This is another one of those situations where I jotted down a shorthand note about a blog post and forgot what I meant. ‘Carrying on’ must have sounded good at the time and I swore I’d get to it quickly. I didn’t and now I’m in another awkward moment. Most people would trash it and do something else, but I always continue with the idea. Maybe I’ll get it right. So, what does carrying on mean?
- Loading items onto something.
- Continuing to push forward.
- Activity done by wayward sons.
As you can guess, I’m going to focus on #3 because that feels like where I would go considering my life lately. It’s been rough and I’ve been struggling to move ahead in various aspects of my life. Writing is a big one since I don’t have nearly as much time as I would like. It’s difficult to find a few minutes to focus and my weekends aren’t running that smoothly. Something always comes up, which adds more sadness and frustration to the author side of my personality. I fear there will be a day where the little bit of outlining I get done will no longer be enough. Going to be really crazy once the summer hits too, so we’ll see how much of me will be left.
It’s funny because I spent 10 post-college years only outlining and editing the same 1-3 books. You would think I’d have a way to carry on in that fashion once more. Yet, I learned at the end of that period that you aren’t going to get anywhere if you sit and wait for someone. I tried to control my path with self-publishing and this blog, which gave me more author success in 5 years than I ever had in the previous 19-20. I’m going back to high school there. It’s really hard to put the genie back in the bottle and throw the thing under the bed. Keep thinking that I missed a key element in getting to the next stage, but I know I can’t put all my time into it now. My focus is on my job and my son. Of course, this makes me feel that I squandered my indie author time.

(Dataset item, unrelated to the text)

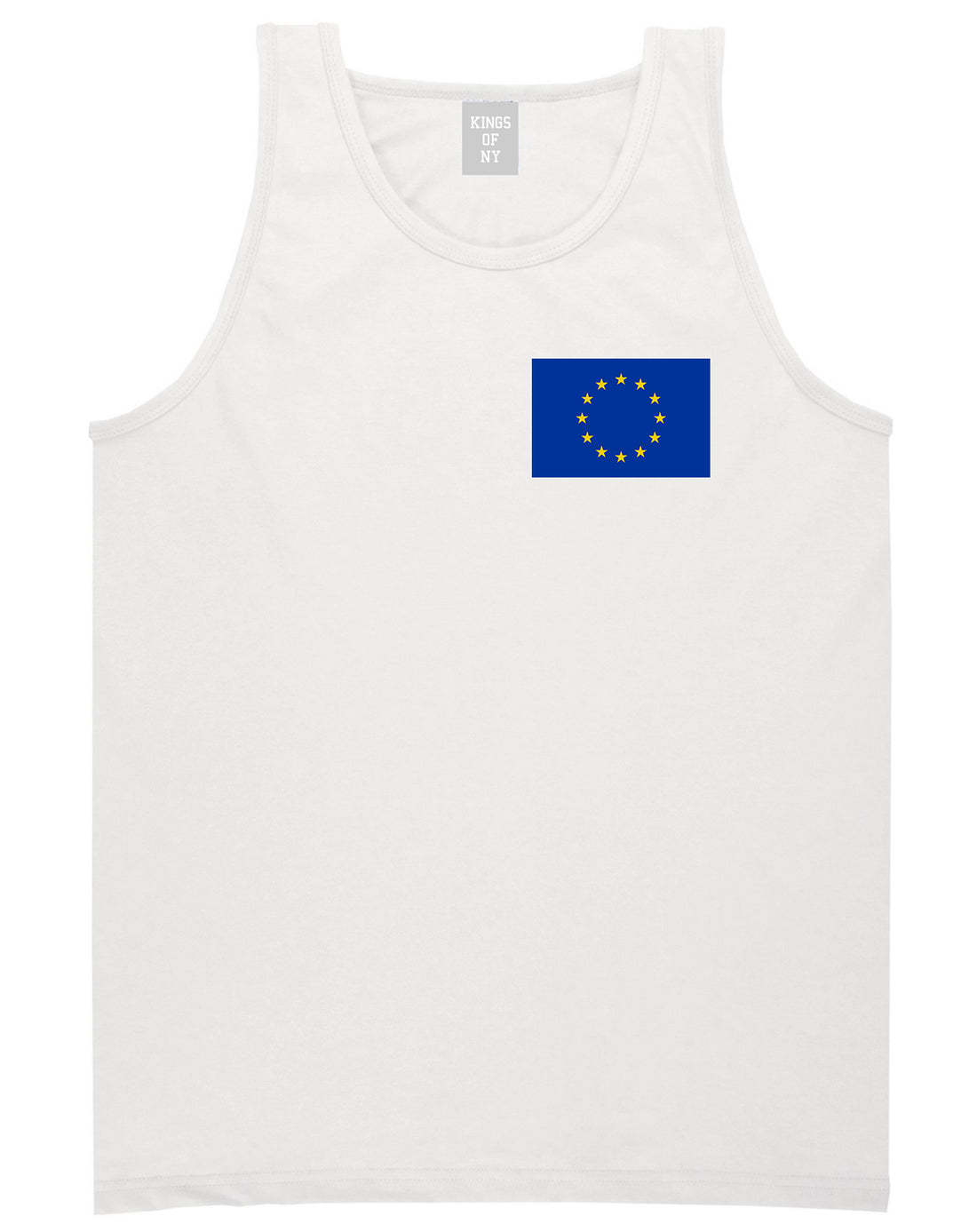 European Union Flag Chest Mens White Tank Top Shirt by KINGS OF NY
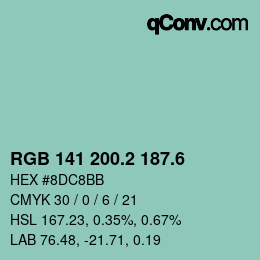 カラーコード: RGB 141 200.2 187.6 | qconv.com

The thing with finding the strength to carry on is that it is both powerful and fragile. It can propel you forward even if it’s a different path. Yet, it can be lost or hampered the instant you look backwards. This can be either by your own actions or somebody simply asking how the old stuff is doing. I think of it like climbing a very high cliff and you’re told to not look down. Just don’t do it even though everyone does. It really isn’t easy to carry on after feeling like you’ve lost so much.
What do you think about carrying on? Any advice on how to do it?